Work to be completed:
Whatever lies between the line that holds "Greenland Is Not" and the final line of the records below, both included, should be repeated exactly; leave out the pictures and add nothing.

Records from a collection:

• • • • • • •

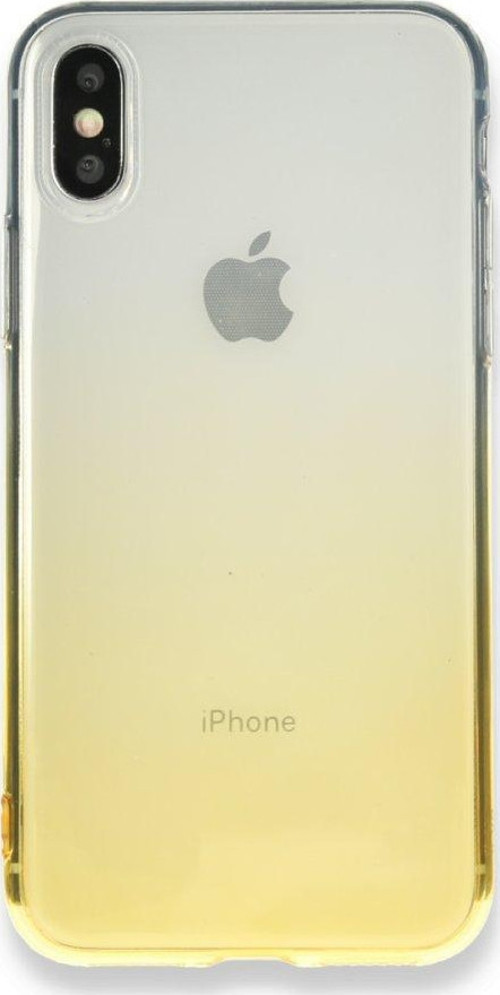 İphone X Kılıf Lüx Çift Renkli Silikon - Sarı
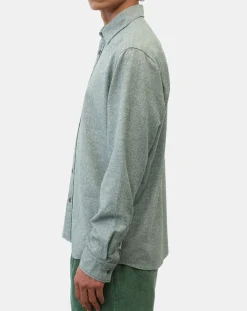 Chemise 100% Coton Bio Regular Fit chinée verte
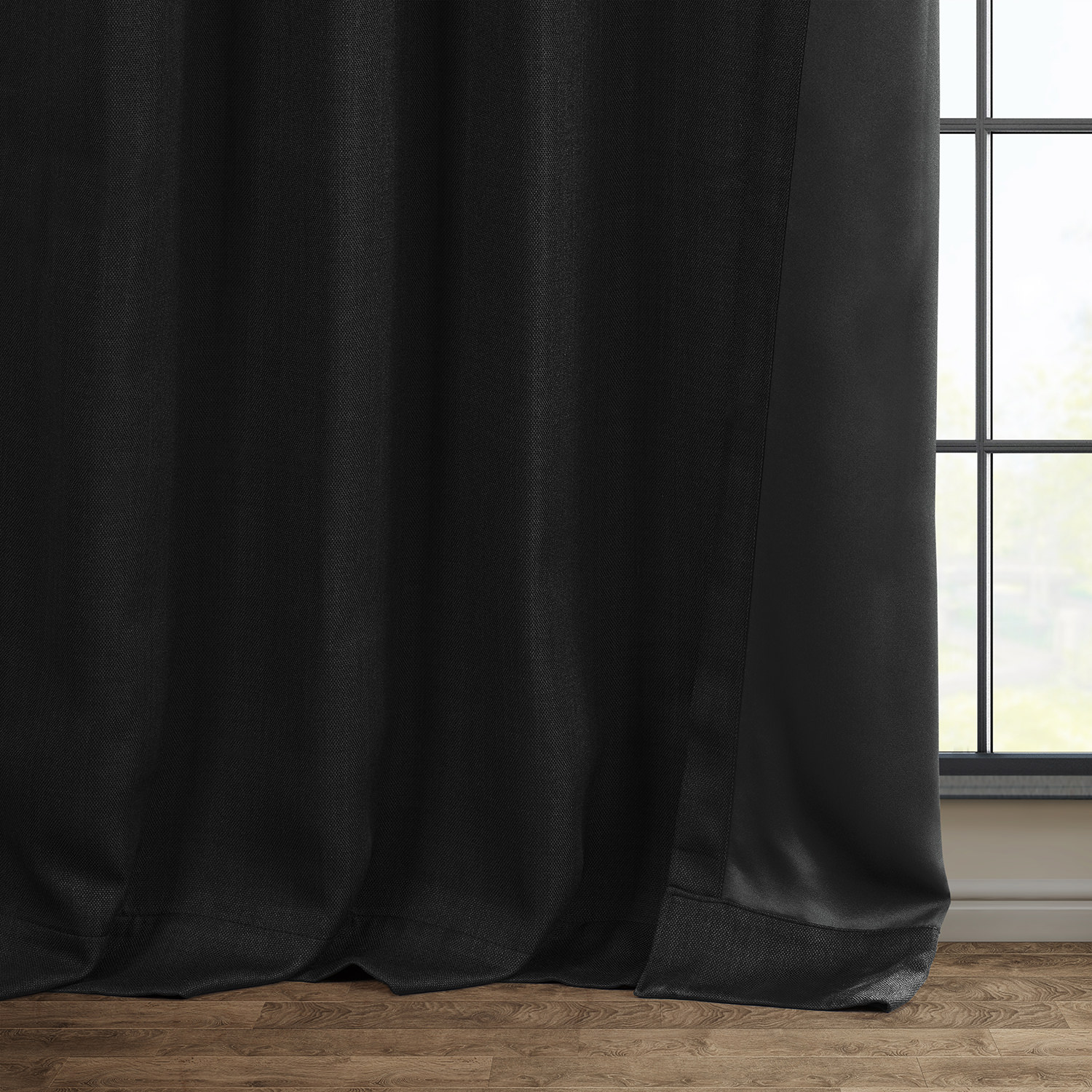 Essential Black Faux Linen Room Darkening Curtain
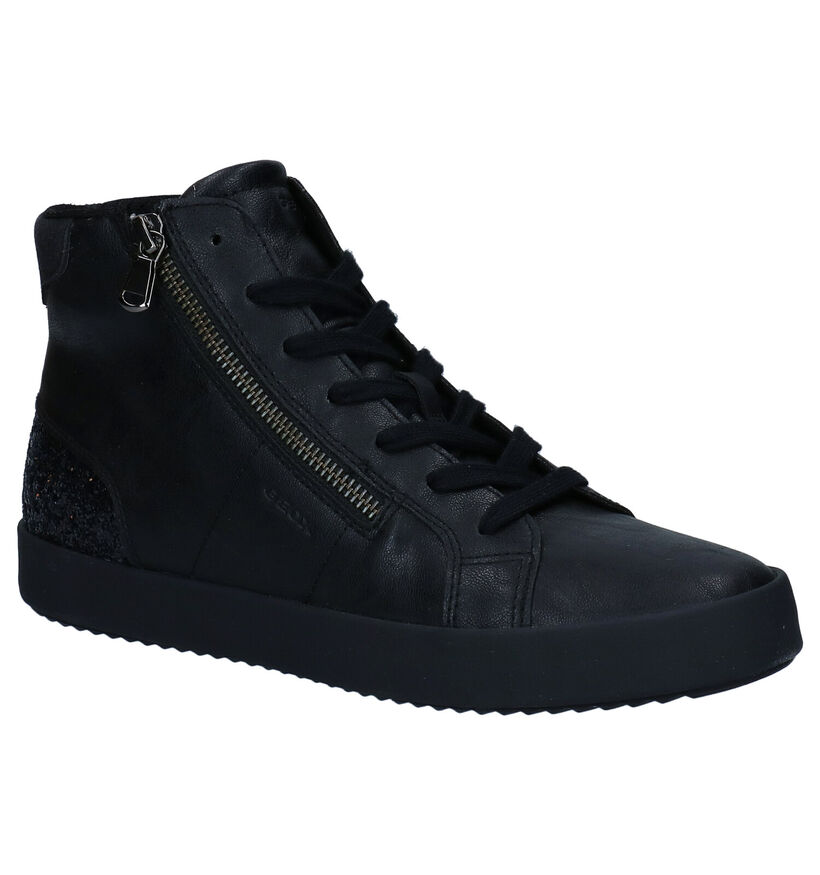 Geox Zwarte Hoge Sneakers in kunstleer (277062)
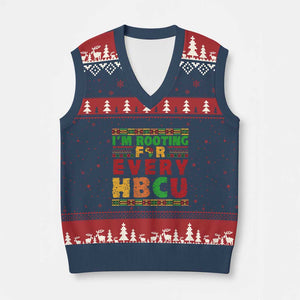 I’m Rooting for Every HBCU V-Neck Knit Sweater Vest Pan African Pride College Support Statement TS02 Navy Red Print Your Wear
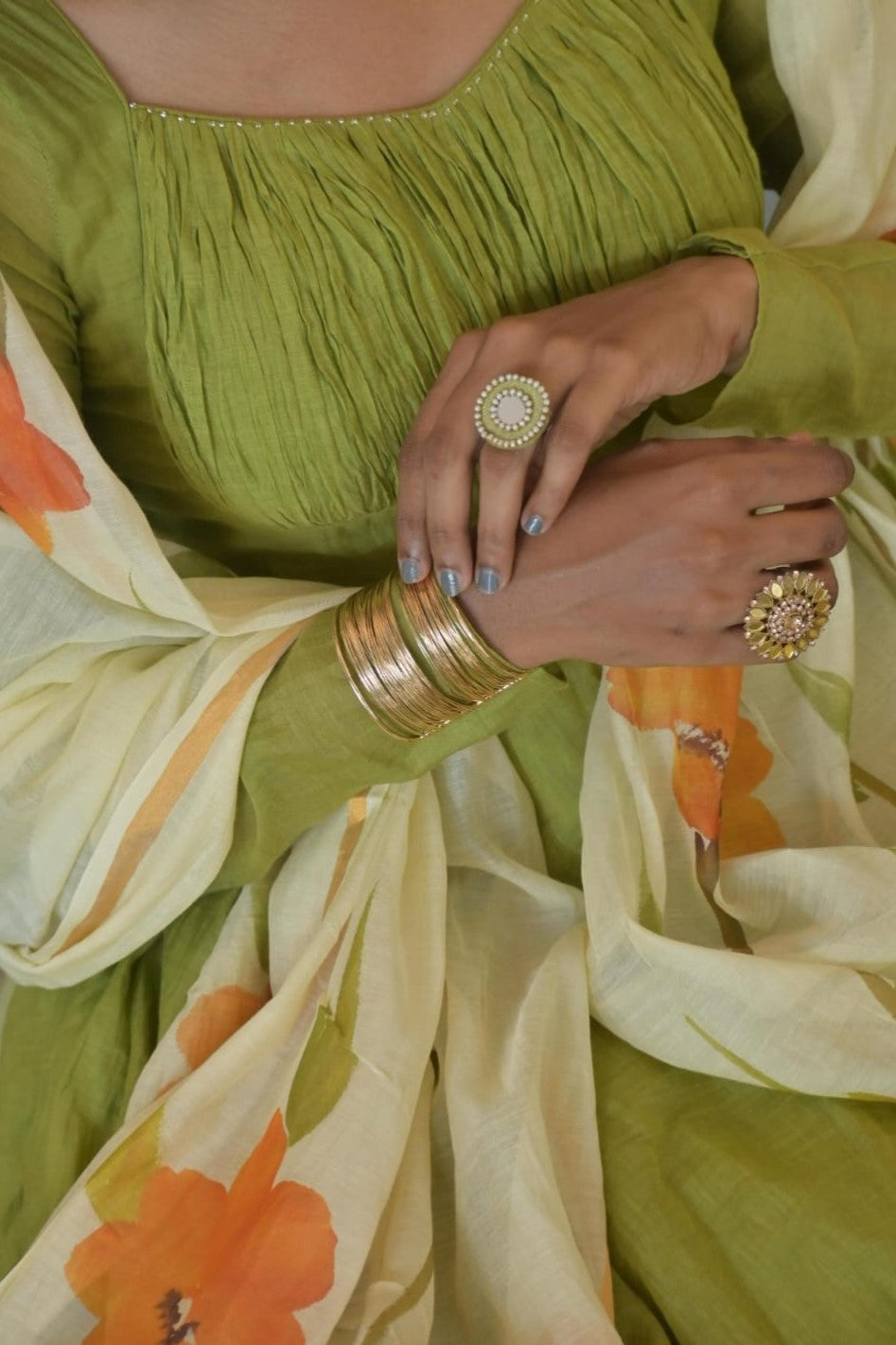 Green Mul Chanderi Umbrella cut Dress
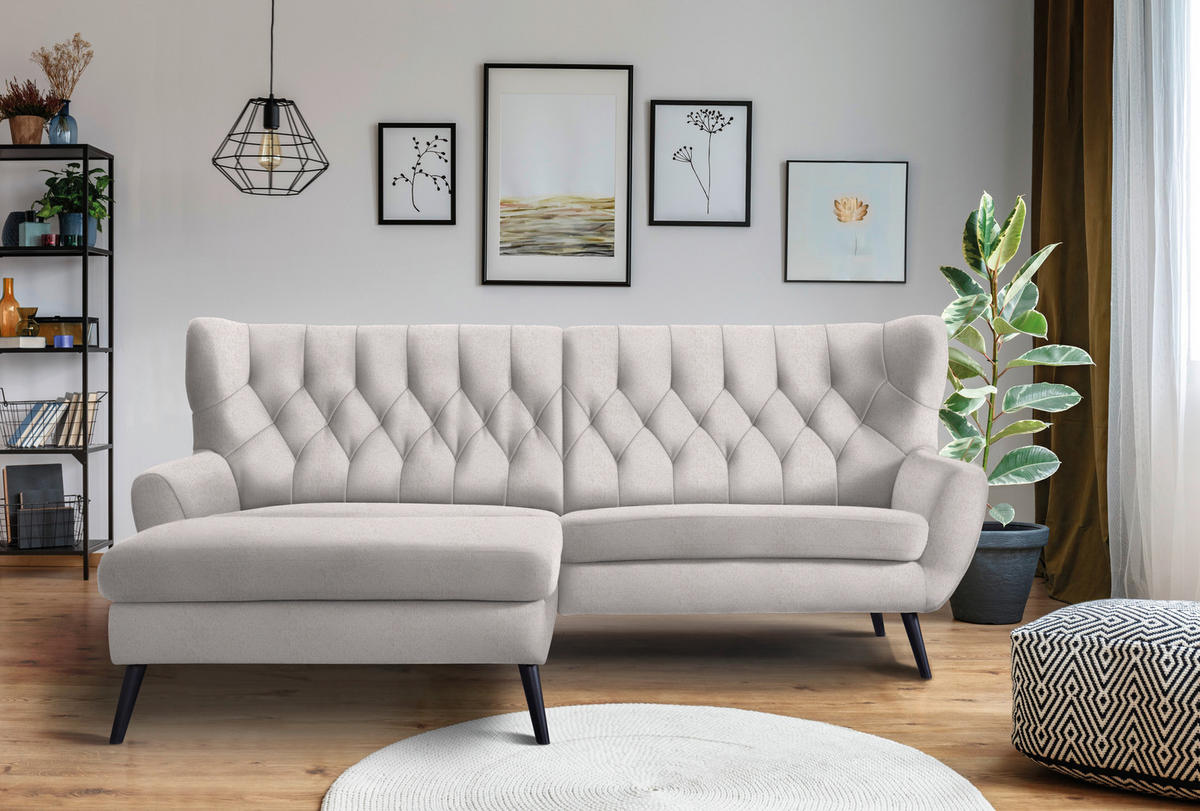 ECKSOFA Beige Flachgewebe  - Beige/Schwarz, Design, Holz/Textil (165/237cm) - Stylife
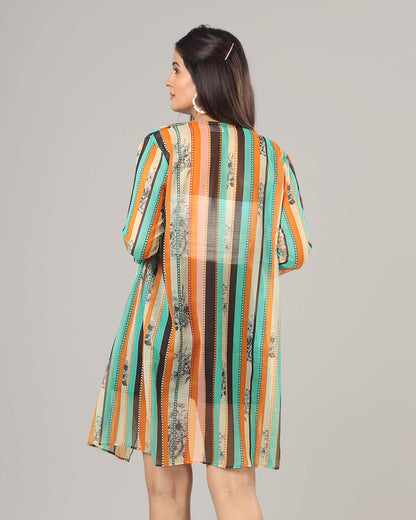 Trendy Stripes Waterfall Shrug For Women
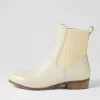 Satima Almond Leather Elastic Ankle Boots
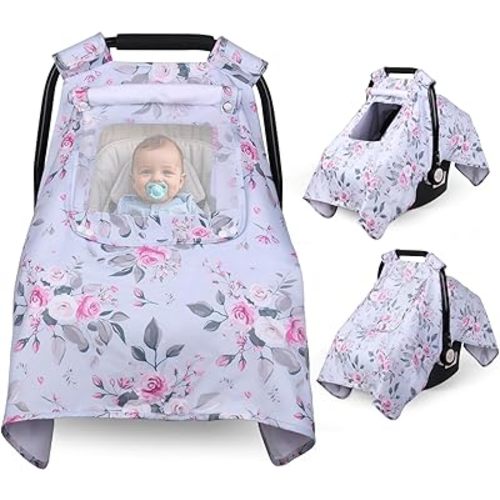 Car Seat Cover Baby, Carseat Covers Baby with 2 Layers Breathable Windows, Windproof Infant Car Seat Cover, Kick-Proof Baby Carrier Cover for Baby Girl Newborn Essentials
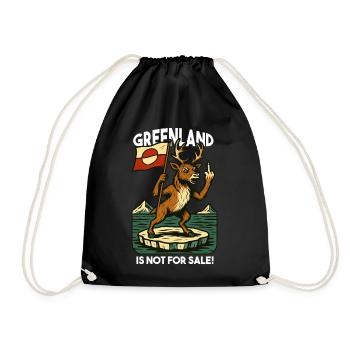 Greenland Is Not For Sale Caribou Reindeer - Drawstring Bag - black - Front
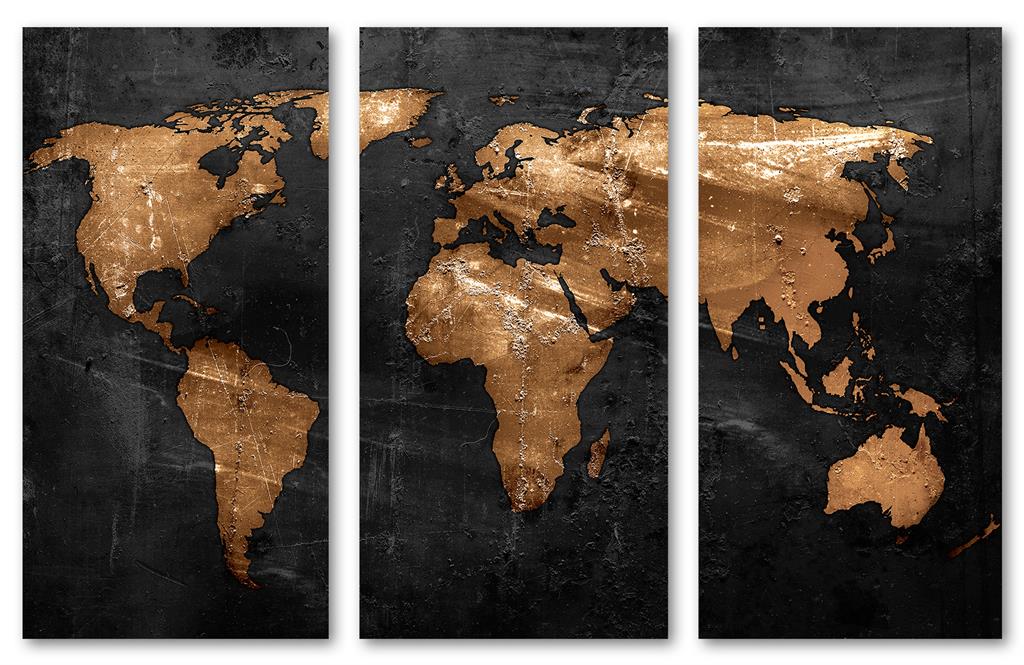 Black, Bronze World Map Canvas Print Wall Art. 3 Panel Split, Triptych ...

• • • • • • •

Answer area:
 Greenland Is Not For Sale Caribou Reindeer - Drawstring Bag - black - Front
 Black, Bronze World Map Canvas Print Wall Art. 3 Panel Split, Triptych ...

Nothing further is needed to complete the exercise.